EXERCISE BRIEF.
Take the line containing "Valentine Bear with" and every line after it in the data below, and print them exactly as given, with nothing else.

EXTRACTED INFORMATION.
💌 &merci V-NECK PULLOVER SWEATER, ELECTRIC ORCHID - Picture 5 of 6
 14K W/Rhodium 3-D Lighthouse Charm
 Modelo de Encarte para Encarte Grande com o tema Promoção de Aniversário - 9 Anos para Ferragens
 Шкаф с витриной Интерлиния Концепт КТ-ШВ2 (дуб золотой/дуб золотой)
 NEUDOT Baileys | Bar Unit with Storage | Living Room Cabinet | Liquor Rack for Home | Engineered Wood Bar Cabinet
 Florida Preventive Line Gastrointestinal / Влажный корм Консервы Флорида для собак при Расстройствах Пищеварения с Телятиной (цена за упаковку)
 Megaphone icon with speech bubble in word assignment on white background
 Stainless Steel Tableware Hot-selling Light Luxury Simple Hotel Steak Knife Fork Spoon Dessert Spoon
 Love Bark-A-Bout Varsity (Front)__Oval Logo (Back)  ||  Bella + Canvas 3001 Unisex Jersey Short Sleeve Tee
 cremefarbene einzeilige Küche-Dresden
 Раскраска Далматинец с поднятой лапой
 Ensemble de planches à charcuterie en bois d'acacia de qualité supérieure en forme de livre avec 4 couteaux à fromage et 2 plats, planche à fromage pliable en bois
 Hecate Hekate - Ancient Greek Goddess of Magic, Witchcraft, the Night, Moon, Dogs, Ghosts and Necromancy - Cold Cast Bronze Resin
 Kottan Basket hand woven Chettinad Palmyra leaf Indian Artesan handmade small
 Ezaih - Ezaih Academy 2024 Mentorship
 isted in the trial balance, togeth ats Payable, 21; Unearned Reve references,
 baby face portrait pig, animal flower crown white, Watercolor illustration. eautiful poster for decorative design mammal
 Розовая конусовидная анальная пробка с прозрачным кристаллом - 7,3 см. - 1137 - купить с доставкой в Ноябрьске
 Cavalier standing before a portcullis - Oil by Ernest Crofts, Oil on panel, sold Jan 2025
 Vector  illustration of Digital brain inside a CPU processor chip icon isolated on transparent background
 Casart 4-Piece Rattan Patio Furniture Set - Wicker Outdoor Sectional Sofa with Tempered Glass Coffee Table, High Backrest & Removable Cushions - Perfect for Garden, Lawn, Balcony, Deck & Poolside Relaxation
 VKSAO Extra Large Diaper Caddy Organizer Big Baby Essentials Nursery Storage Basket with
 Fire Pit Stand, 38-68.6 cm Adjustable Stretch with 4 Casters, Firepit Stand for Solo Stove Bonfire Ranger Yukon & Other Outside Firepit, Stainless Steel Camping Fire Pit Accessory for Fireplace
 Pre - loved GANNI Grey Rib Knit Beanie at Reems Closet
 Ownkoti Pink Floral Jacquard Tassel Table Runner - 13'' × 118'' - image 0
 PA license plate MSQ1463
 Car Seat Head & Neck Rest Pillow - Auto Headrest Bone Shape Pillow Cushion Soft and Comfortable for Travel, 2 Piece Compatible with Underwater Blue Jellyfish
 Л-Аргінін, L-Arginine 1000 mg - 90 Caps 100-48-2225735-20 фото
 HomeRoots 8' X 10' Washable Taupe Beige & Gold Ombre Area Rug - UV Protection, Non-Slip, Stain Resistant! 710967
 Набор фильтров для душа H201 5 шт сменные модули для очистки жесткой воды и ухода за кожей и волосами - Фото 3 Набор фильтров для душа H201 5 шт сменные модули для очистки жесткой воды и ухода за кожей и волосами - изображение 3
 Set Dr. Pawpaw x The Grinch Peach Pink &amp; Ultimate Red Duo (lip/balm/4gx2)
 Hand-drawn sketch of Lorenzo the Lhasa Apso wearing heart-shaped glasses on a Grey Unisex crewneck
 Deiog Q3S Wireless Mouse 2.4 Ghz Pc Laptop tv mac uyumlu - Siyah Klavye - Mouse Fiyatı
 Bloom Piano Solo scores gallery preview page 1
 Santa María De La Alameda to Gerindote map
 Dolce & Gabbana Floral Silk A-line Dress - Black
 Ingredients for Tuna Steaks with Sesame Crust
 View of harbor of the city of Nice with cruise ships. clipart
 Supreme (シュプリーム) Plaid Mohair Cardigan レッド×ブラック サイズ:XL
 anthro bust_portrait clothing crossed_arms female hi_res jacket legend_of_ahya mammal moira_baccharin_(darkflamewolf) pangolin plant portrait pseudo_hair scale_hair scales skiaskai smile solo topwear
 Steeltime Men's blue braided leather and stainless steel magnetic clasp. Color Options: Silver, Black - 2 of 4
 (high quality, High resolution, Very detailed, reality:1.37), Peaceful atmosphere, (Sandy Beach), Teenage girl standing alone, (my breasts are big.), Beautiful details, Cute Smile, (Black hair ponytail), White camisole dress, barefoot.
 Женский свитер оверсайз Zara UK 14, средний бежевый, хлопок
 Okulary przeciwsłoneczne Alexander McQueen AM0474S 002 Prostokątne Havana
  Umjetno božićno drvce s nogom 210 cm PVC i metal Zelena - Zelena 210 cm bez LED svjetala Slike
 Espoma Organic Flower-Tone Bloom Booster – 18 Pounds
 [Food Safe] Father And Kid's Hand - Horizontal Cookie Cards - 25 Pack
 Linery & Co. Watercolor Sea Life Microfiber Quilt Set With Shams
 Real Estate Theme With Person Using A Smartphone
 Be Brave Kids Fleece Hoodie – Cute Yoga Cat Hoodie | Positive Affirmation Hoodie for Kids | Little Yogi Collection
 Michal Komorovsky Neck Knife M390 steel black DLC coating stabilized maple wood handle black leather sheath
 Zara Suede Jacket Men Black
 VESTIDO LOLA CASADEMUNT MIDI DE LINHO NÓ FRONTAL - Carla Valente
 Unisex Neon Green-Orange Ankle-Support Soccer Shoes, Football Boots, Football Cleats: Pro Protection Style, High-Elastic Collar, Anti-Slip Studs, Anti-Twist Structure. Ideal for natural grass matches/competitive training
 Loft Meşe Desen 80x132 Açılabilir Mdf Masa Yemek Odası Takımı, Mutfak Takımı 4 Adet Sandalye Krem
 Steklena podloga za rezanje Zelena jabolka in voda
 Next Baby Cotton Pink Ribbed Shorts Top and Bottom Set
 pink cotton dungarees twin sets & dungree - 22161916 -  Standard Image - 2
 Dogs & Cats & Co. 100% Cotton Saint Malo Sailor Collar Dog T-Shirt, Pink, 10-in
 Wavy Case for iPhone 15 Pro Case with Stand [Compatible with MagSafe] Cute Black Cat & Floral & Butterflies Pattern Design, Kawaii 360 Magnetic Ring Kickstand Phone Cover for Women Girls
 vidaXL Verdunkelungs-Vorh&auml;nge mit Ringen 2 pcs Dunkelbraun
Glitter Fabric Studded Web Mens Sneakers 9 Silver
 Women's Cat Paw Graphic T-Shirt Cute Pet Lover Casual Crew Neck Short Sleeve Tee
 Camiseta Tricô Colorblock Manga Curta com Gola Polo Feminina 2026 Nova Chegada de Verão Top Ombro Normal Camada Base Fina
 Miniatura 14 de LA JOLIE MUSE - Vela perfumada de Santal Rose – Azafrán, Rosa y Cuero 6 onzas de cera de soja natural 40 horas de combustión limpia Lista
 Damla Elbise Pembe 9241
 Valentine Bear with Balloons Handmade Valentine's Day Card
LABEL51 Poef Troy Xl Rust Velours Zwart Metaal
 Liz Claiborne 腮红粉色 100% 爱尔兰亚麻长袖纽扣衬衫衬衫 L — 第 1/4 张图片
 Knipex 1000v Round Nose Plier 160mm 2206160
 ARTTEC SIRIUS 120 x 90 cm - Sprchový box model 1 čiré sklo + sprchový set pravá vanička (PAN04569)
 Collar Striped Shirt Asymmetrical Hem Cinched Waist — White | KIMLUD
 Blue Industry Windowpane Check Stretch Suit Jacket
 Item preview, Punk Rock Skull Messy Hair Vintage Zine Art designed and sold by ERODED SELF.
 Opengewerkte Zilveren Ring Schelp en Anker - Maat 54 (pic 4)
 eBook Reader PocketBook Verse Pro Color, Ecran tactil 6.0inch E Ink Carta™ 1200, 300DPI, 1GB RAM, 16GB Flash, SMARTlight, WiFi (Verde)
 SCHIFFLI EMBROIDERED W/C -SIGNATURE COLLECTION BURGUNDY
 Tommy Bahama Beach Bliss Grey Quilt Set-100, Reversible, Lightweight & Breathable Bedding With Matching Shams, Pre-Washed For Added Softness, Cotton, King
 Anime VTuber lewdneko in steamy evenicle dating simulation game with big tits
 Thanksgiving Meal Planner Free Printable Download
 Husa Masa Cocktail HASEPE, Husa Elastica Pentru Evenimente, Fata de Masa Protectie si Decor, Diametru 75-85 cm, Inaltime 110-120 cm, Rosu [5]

SOLUTION FOR THIS EXERCISE.
 Valentine Bear with Balloons Handmade Valentine's Day Card
LABEL51 Poef Troy Xl Rust Velours Zwart Metaal
 Liz Claiborne 腮红粉色 100% 爱尔兰亚麻长袖纽扣衬衫衬衫 L — 第 1/4 张图片
 Knipex 1000v Round Nose Plier 160mm 2206160
 ARTTEC SIRIUS 120 x 90 cm - Sprchový box model 1 čiré sklo + sprchový set pravá vanička (PAN04569)
 Collar Striped Shirt Asymmetrical Hem Cinched Waist — White | KIMLUD
 Blue Industry Windowpane Check Stretch Suit Jacket
 Item preview, Punk Rock Skull Messy Hair Vintage Zine Art designed and sold by ERODED SELF.
 Opengewerkte Zilveren Ring Schelp en Anker - Maat 54 (pic 4)
 eBook Reader PocketBook Verse Pro Color, Ecran tactil 6.0inch E Ink Carta™ 1200, 300DPI, 1GB RAM, 16GB Flash, SMARTlight, WiFi (Verde)
 SCHIFFLI EMBROIDERED W/C -SIGNATURE COLLECTION BURGUNDY
 Tommy Bahama Beach Bliss Grey Quilt Set-100, Reversible, Lightweight & Breathable Bedding With Matching Shams, Pre-Washed For Added Softness, Cotton, King
 Anime VTuber lewdneko in steamy evenicle dating simulation game with big tits
 Thanksgiving Meal Planner Free Printable Download
 Husa Masa Cocktail HASEPE, Husa Elastica Pentru Evenimente, Fata de Masa Protectie si Decor, Diametru 75-85 cm, Inaltime 110-120 cm, Rosu [5]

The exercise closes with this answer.